I’m sharing a very special recipe with you today. I told you about my mom’s recipe for Spaghetti and Meatballs a few weeks ago. Her homemade Chicken and Noodle recipe is the other meal that feels like home. It’s one of those that I don’t remember loving as much growing up, but when I’m having one of those days that I want my “mommy” it is the food that I want for comfort… You know, ladies, what kind of day I’m talking about? When you want to crawl in bed under your favorite blanket, give up your motherhood responsibilities for the day and have your mom take care of you? This meal is the be all and end all of comfort food.
This is not a soup recipe. It is a thick, hearty meal served best over homemade mashed potatoes. Budget friendly and incredibly easy, once you try this delicious meal, you’ll certainly have requests for it to be in your mealtime rotation time and time again.

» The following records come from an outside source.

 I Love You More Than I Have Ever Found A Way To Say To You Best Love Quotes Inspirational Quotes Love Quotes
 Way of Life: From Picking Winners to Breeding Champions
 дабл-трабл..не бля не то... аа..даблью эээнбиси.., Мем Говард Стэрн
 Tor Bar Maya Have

My Mom's Homemade Chicken and Egg Noodles
- 1 Whole Chicken
- Dash of salt
- 2 Bay Leaves
- 1 48 oz box Swanson's Low Sodium Chicken Broth
- For the noodles
- 1 Tsp Salt
- Place the chicken in a large stock pot (I use my7 1/4 Le Creuset Dutch Oven). Add water until it is covering the entire chicken. Add a dash of salt, bay leaves and chicken broth. Boil over medium high heat until the chicken (when tested in the thigh) reaches a temperature of 180 degrees. Remove the bay leaves and the chicken from the broth. Allow the chicken to cool then debone adn remove the skin from the chicken and tear the meat into bite size pieces. (I used boneless, skinless chicken thighs when I made this recently, and they worked well. The broth wasn't as good as when I've used a whole chicken, but for those of you who don't like to deal with whole chickens (hand raised) chicken thighs were a fine substitute.

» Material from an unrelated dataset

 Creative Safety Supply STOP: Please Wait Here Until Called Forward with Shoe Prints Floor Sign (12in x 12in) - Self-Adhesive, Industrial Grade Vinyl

- For the noodle this is where you can customize the recipe for how large or small of a group you are serving. For every 1/2 cup of flour you will need 1 egg. So, to serve my family of 6, I use 4 eggs and 2 cups of flour.
- In a medium sized bowl, whisk your eggs. Add the salt and whisk again. Next, add the flour. Stir the mixture with a fork until flour is completely incorporated and the dough is stiff.
- Flour a large bread board / cutting board heavily. Dump your dough mixture out onto the floured board. Knead additional flour into the dough. Unlike pie crust (you don't want to work pie crust too much) you want to continue to add flour to the dough until it is thick and smooth in texture. Just work with it and use your instincts.
- Roll out the dough (again... make sure your board is well floured so your noodles won't stick) until very thin. Once your dough is rolled out, using a pizza cutter, slice your dough into thin vertical strips. Make a couple of slices horizontally until your noodles are a desired size (in the picture above, I had very long noodles... I probably should have cut them in thirds instead of just halved. I also could have rolled them out to be even thinner).
- Return your pot of broth and water to a boil. Once boiling, add your noodles to the pot, one at a time, stirring so they don't stick together. Once all of your noodles are in the pot, reduce the heat, add your chicken pieces back to the pot and simmer for 30 minutes. Serve over mashed potatoes with the noodles, chicken and broth. Enjoy!